The women lament during a funeral song.

The women lament during a funeral song giving honor to the dead and those who grieve.

 

The mission of the Acoli Cultural Revival Organization (ACRO) is to repair the current condition of the Culture through community mobilization of elders, community leaders and young people to revive traditions, rituals, and the values passed on by traditional dance, music and storytelling.

 

This work has been going on for the past three years with a very concentrated effort over the past 14 months culminating in a two day Cultural Revival Gala/Exhibition in Padibe, Lamwo District.

The only other organized cultural revival in Northern Uganda has taken place in Gulu, a three hour drive away and a town most people in Lamwo District will never visit because of the distance and lack of transportation other than walking. What is happening in Padibe is very unique and special and we hope it will spread to other areas as well. With 32 GB of photos and video, only a small portion will be included here.

Each day began with the entrance of the Paramount Chief of the Acoli people as he is escorted by men in traditional costume of animal skins and a headband made of ostrich feathers. Although plentiful at one time, ostriches no longer exist in this area of Uganda due to the war during which all animals were killed. The feathers you see were shipped to them from the US.

The War Dance performed by the group from Paloga is a favorite of the crowd.
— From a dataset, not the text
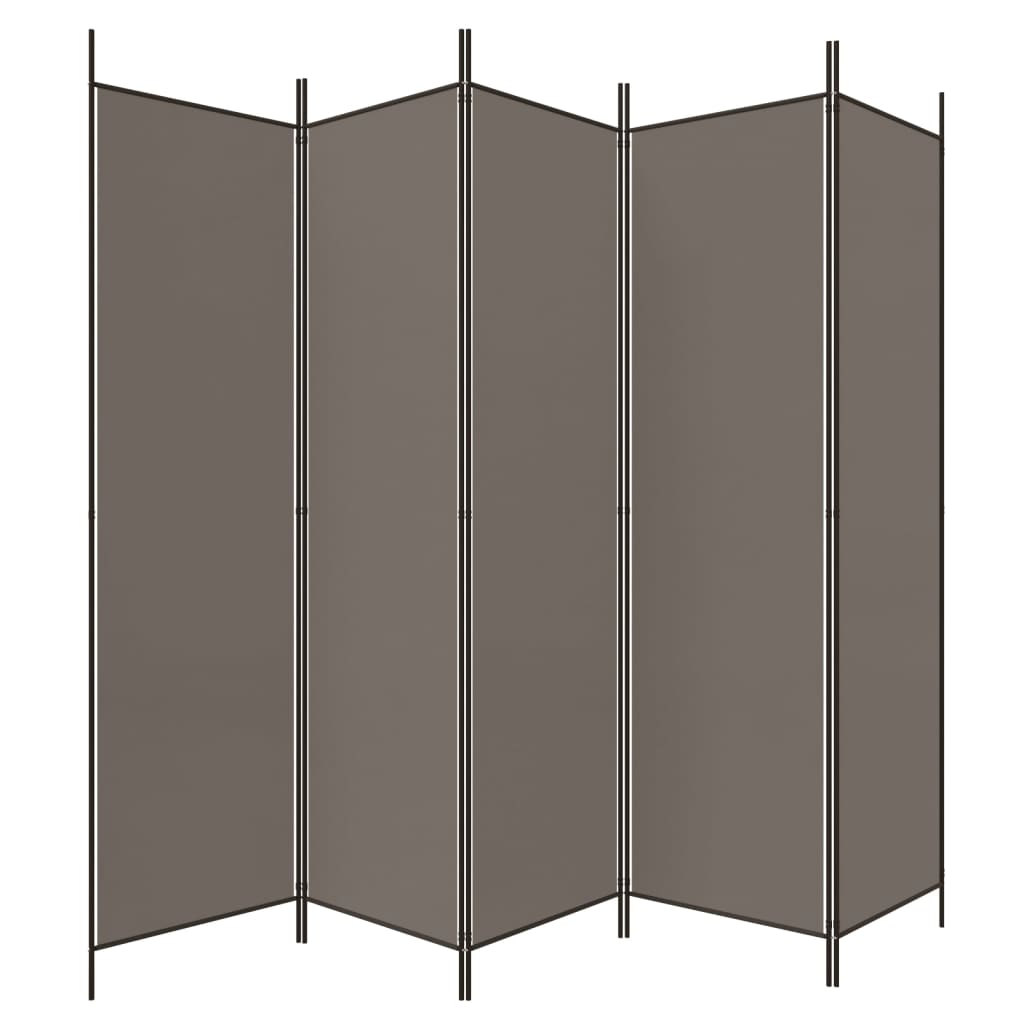 Cloison de séparation 5 panneaux Anthracite 250x200 cm Tissu Séparateurs de pièces vidaXL   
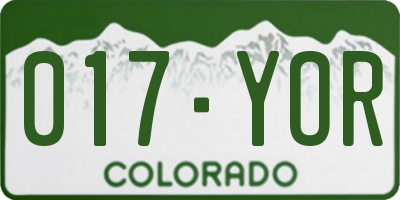 CO license plate 017YOR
This group has been well know throughout the district for its talented performance of the war dance. This is the first time they actually had the traditional costume to wear during the dance.

The Dingi Dingi dance by the group from Pangiera was phenomenal!
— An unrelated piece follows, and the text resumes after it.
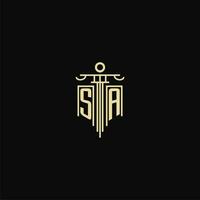 SA initial monogram for lawyers logo with pillar design ideas vector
One of the local chiefs that attended the festival demonstrates for the crowd the proper way to hold an elephant spear and shield.

The Larakaraka is a traditional courtship dance. A man will take a calabash gourd and place it on the head of the lady and she does a special dance just for him. If it all works out they will run off together and shortly thereafter the dowry negotiations will begin for the traditional marriage.
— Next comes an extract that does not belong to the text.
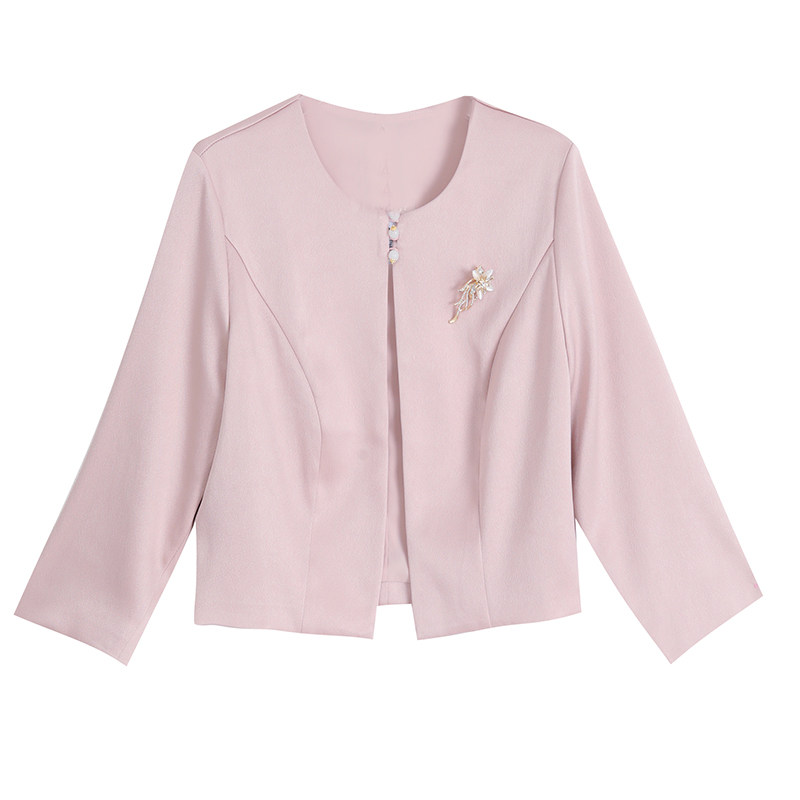 粉色婚宴妈妈旗袍礼服两件套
After the first day, Shawn and I were sitting outside enjoying a sip from the source of the Nile, and could hear music, drumming, and singing from the groups that had been trucked in for the event and housed in the area. They were celebrating the day’s success and getting ready for day two. We decided to take a walk in the dark and join in the revelry with them.

It was a fabulous day. What will tomorrow bring?!

1 comment to Acoli Cultural Revival Organization Post 19

  • Suzanne Osetek

    Great to watch. Thanks for posting this. I look forward to more. You must be proud, Rob. The nighttime post was barely visible, although I saw Shawn twice.